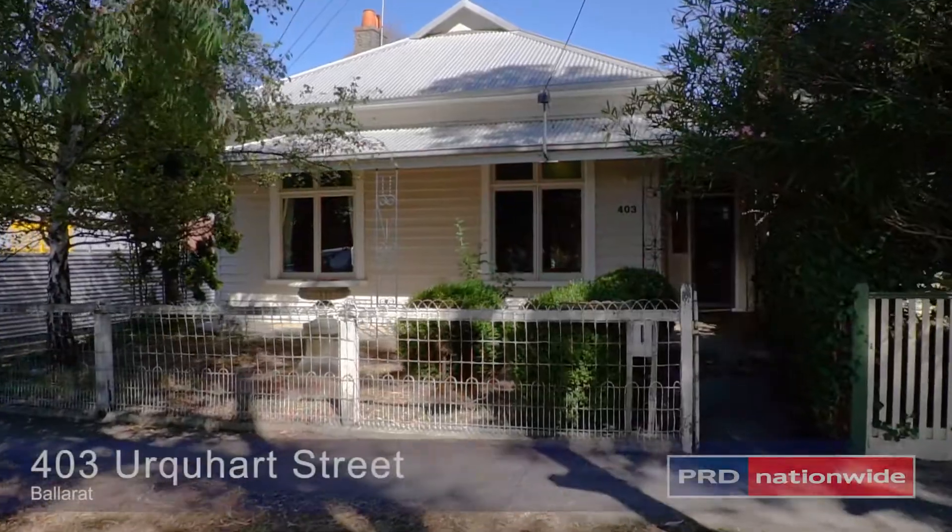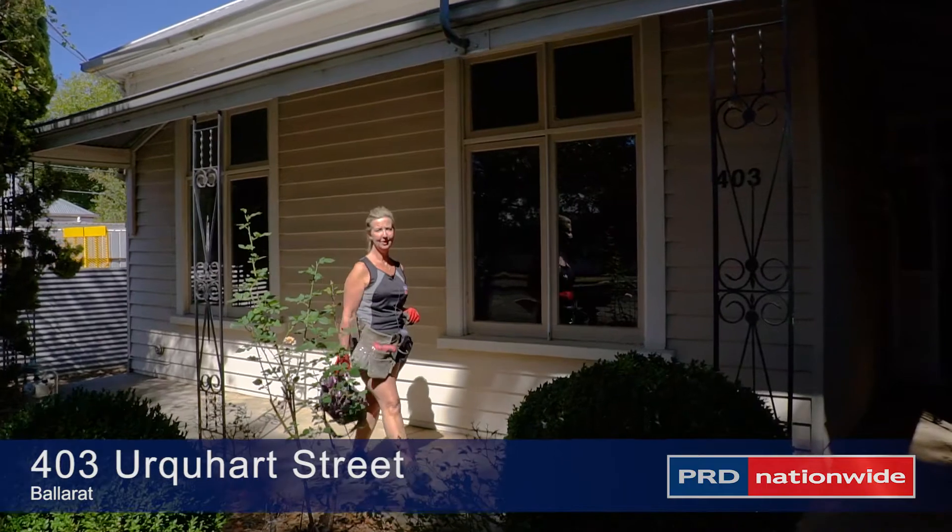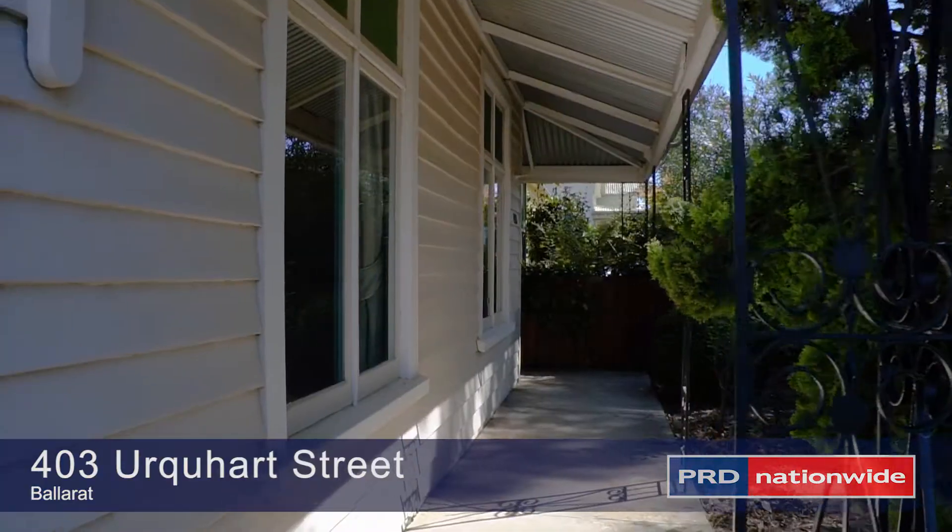Looking for the next renovation? Not too often do these type of properties come on the market, but if you've got the vision then this property could be for you. Let's take a look around.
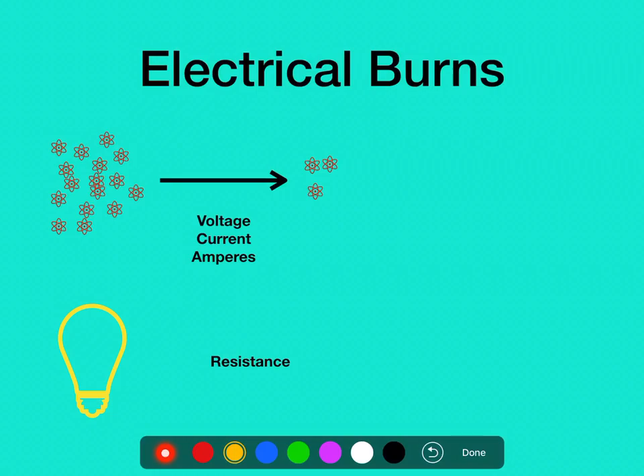As electrons flow through something, if there's a greater flow of electrons than the material can handle, there's some resistance — and everything has some version of resistance. Copper is probably one of the lowest resistance substances out there, which is why we use it for wiring. Skin has a pretty variable resistance. If it's fairly dry, thick, and calloused, it can be very resistant to electricity. If it's a wet or moist area like the palms of your hands or around your mouth, the resistance isn't as great. That's why kids who bite down on electrical cords tend to have severe burns around their mouths.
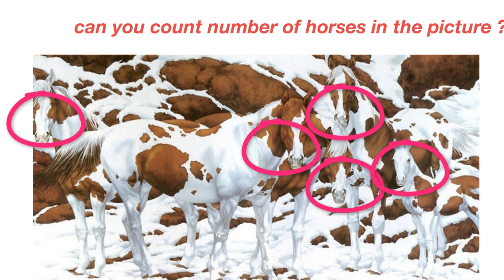But as I said, that's not the right answer. As per Kids Environment Kids Health, there are seven horses in this picture. Out of these, only five are clearly visible.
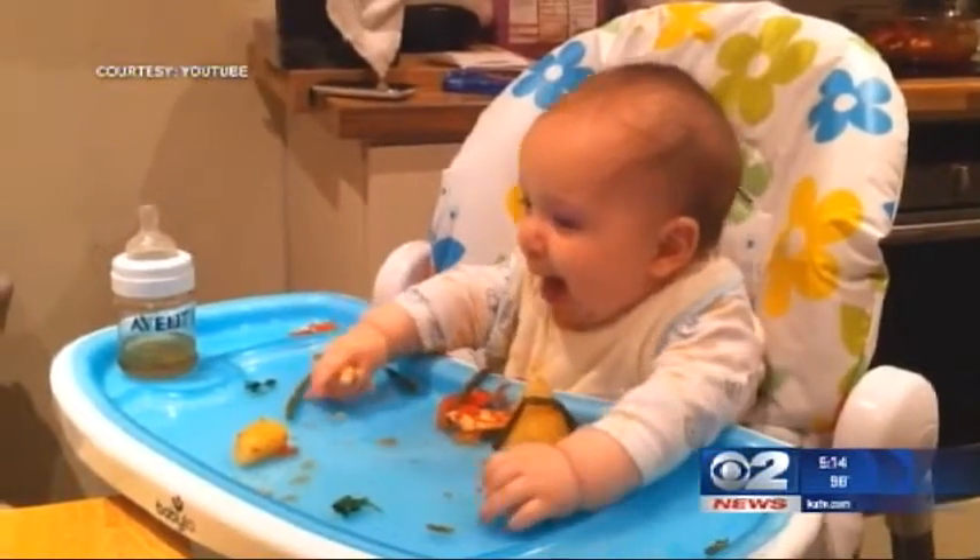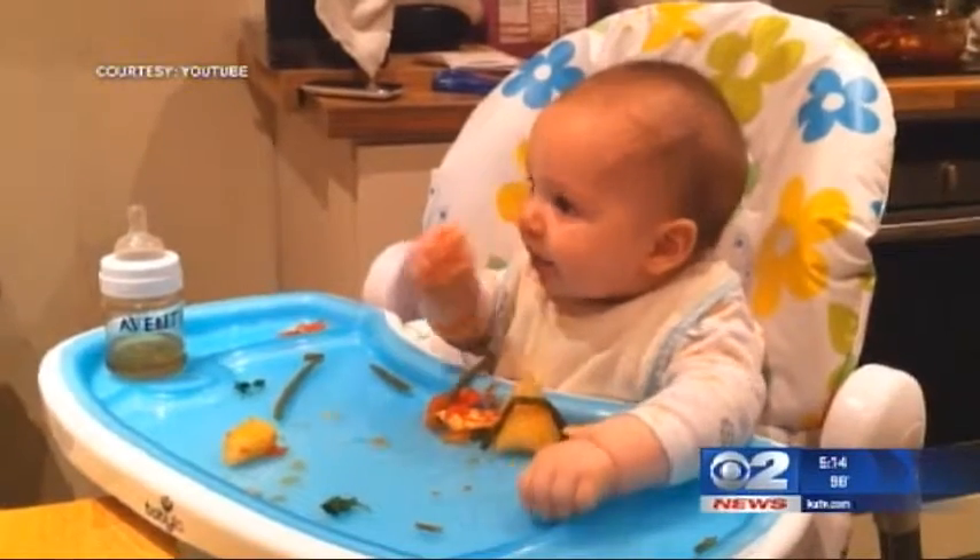Choking hazards are going to be any kind of hard fruit or vegetable that's cut less than a half an inch in size, because a child could get that into their mouth and they don't have the motor skills to control where it goes.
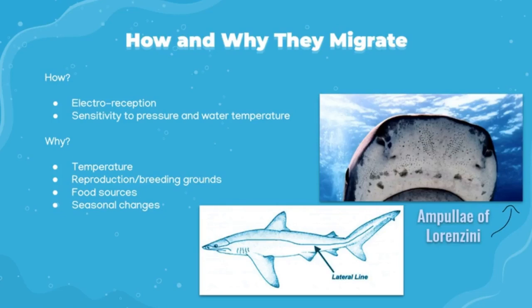Sharks have a strong sensitivity to water temperature, and their migrations are timed by seasonal changes in temperature. They may also migrate to breeding grounds within their preferred temperature range. Mako sharks can tolerate lower temperatures because of their higher metabolic rate, which allows them to generate their own heat. Sharks can also migrate to follow their food sources, since the fish they prey on migrate to stay within their own preferred water temperatures.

------------------------------------------------

◆ **Exercise requirements**
All lines from the one that contains "As electrons flow" through the last line of the data should be retyped exactly, with the pictures left out.

◆ **Written reply**
As electrons flow through something, if there's a greater flow of electrons than the material can handle, there's some resistance — and everything has some version of resistance. Copper is probably one of the lowest resistance substances out there, which is why we use it for wiring. Skin has a pretty variable resistance. If it's fairly dry, thick, and calloused, it can be very resistant to electricity. If it's a wet or moist area like the palms of your hands or around your mouth, the resistance isn't as great. That's why kids who bite down on electrical cords tend to have severe burns around their mouths.
But as I said, that's not the right answer. As per Kids Environment Kids Health, there are seven horses in this picture. Out of these, only five are clearly visible.
Choking hazards are going to be any kind of hard fruit or vegetable that's cut less than a half an inch in size, because a child could get that into their mouth and they don't have the motor skills to control where it goes.
Sharks have a strong sensitivity to water temperature, and their migrations are timed by seasonal changes in temperature. They may also migrate to breeding grounds within their preferred temperature range. Mako sharks can tolerate lower temperatures because of their higher metabolic rate, which allows them to generate their own heat. Sharks can also migrate to follow their food sources, since the fish they prey on migrate to stay within their own preferred water temperatures.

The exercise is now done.